Task to carry out
What you give back should be exactly the lines from the one with "41050023, linear solenoid CSA approved" through the end of the data, without the pictures.
[Provided entries — start]
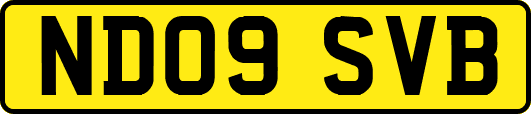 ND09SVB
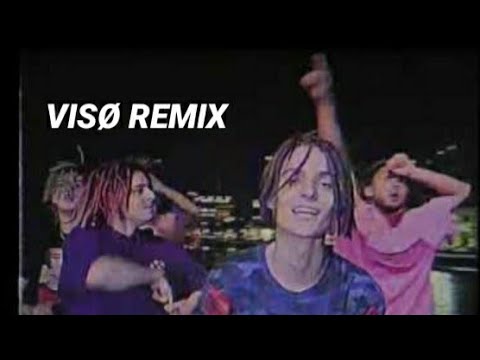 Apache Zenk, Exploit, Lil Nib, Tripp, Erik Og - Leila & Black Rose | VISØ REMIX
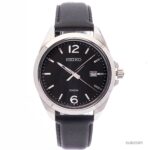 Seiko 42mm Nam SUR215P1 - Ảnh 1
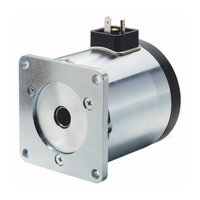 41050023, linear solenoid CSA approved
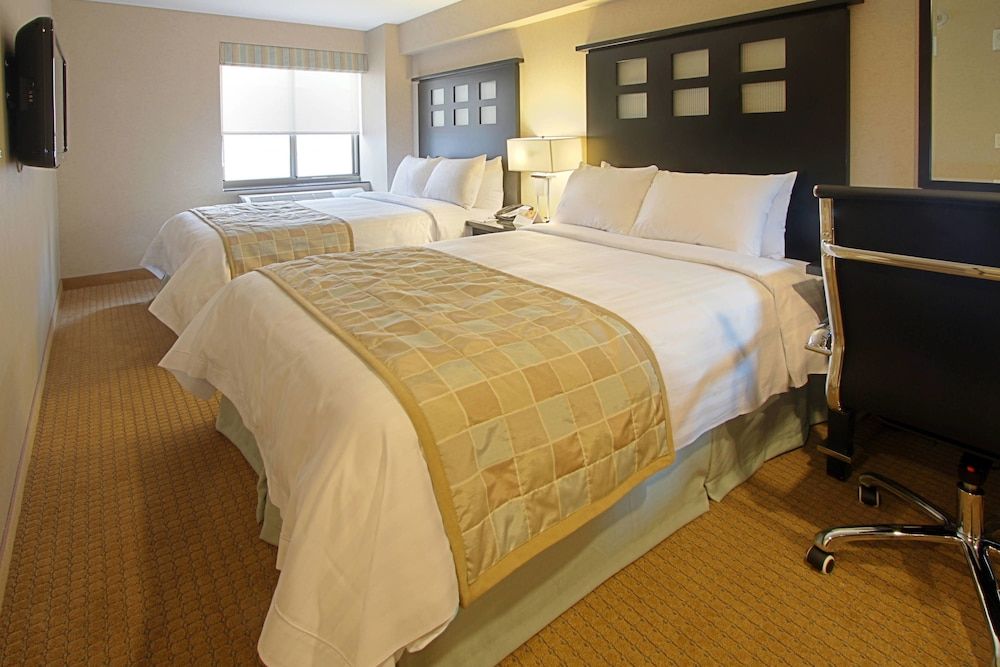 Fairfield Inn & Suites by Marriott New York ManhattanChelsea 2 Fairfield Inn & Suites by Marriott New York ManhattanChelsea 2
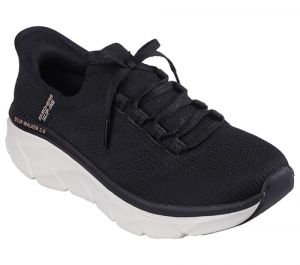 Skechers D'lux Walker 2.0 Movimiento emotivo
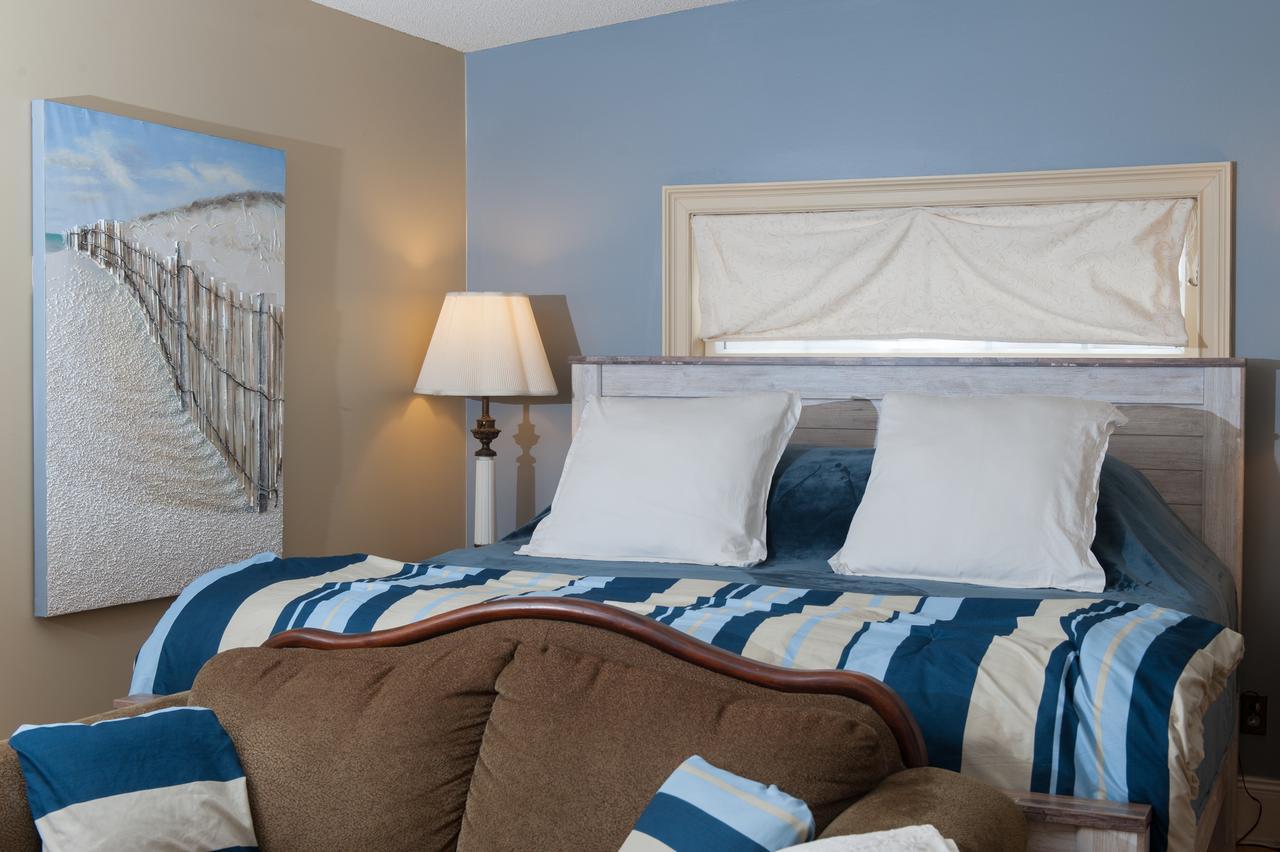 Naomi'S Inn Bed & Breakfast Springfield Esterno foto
[Provided entries — finish]
Output of the task
 41050023, linear solenoid CSA approved
 Fairfield Inn & Suites by Marriott New York ManhattanChelsea 2 Fairfield Inn & Suites by Marriott New York ManhattanChelsea 2
 Skechers D'lux Walker 2.0 Movimiento emotivo
 Naomi'S Inn Bed & Breakfast Springfield Esterno foto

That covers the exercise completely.